• _INPUT DATA_:
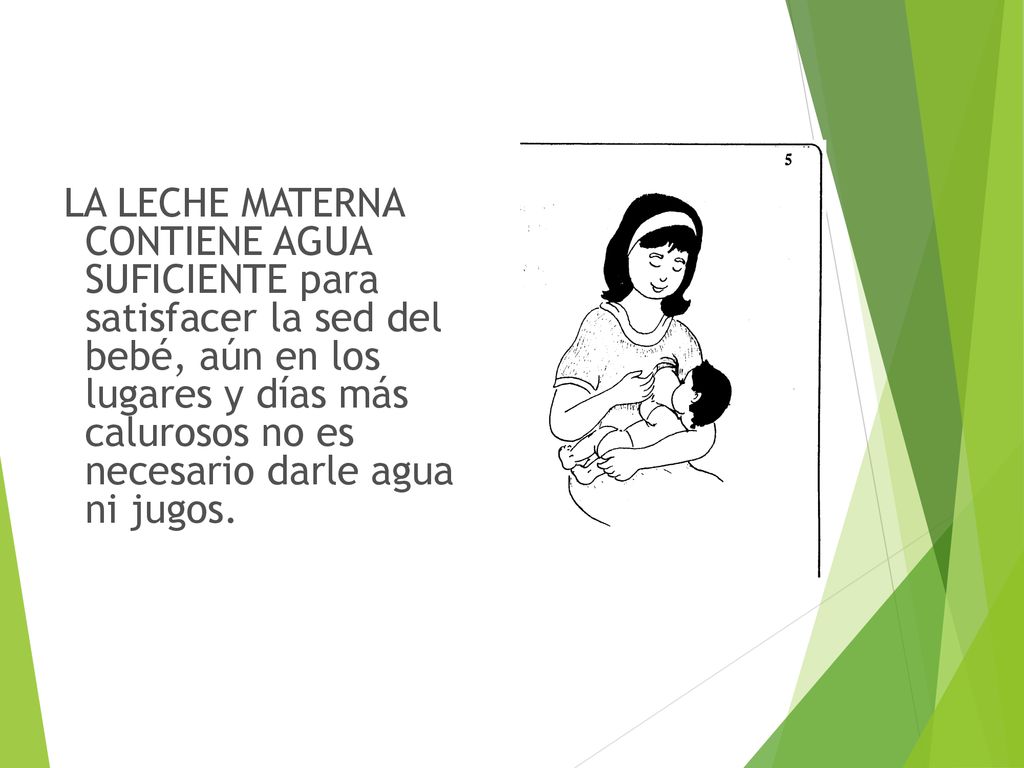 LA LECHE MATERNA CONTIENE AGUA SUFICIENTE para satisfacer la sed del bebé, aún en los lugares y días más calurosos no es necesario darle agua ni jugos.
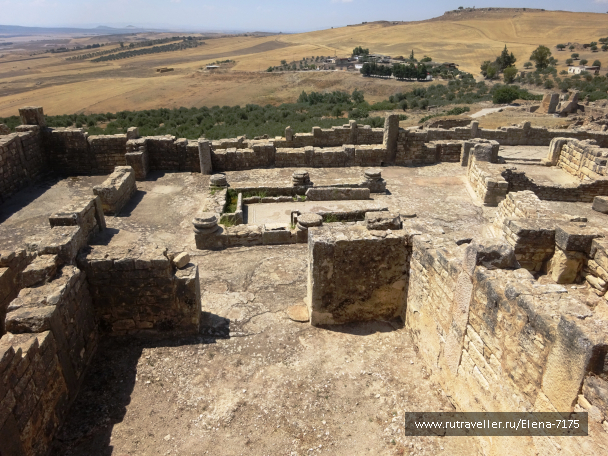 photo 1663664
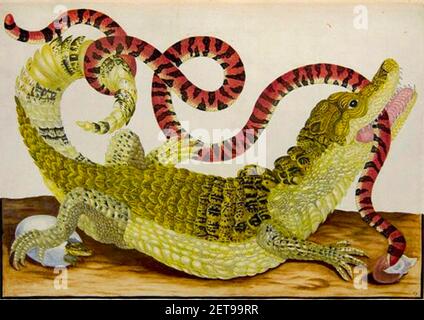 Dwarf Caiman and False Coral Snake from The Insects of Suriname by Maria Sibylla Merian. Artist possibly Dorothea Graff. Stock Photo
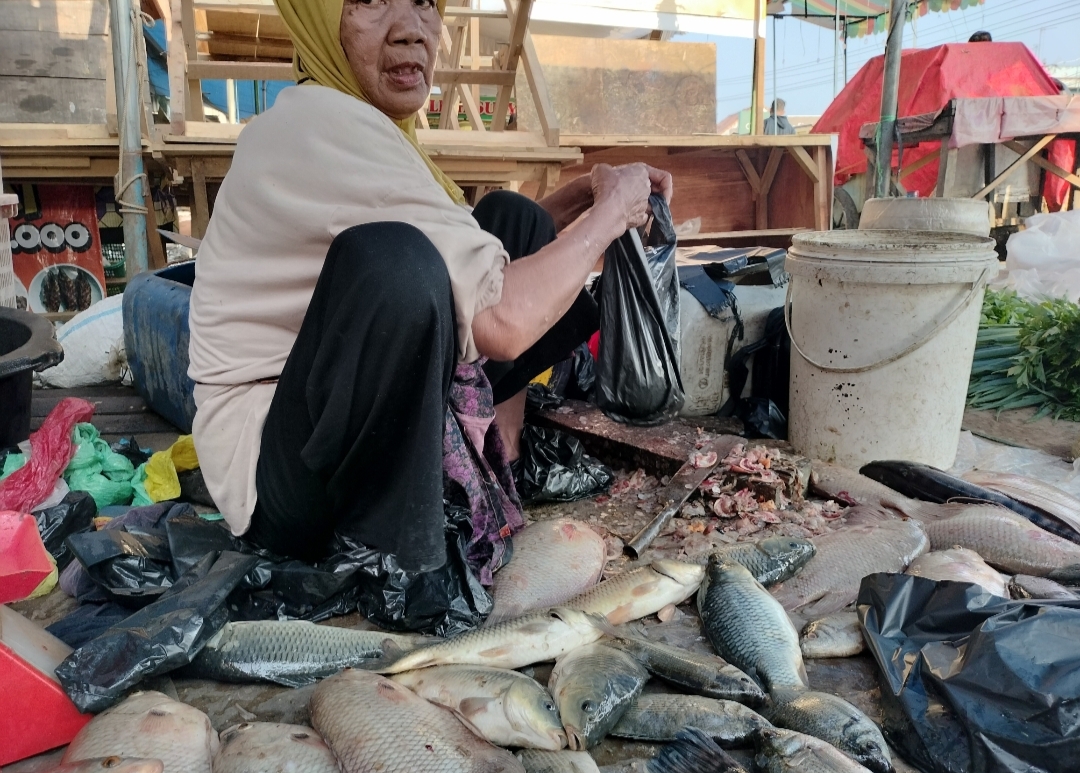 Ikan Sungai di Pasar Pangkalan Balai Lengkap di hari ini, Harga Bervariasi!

• _EXERCISE PROMPT_: The required answer is the material repeated exactly, with no images in it.

• _PROBLEM SOLUTION_:
 LA LECHE MATERNA CONTIENE AGUA SUFICIENTE para satisfacer la sed del bebé, aún en los lugares y días más calurosos no es necesario darle agua ni jugos.
 photo 1663664
 Dwarf Caiman and False Coral Snake from The Insects of Suriname by Maria Sibylla Merian. Artist possibly Dorothea Graff. Stock Photo
 Ikan Sungai di Pasar Pangkalan Balai Lengkap di hari ini, Harga Bervariasi!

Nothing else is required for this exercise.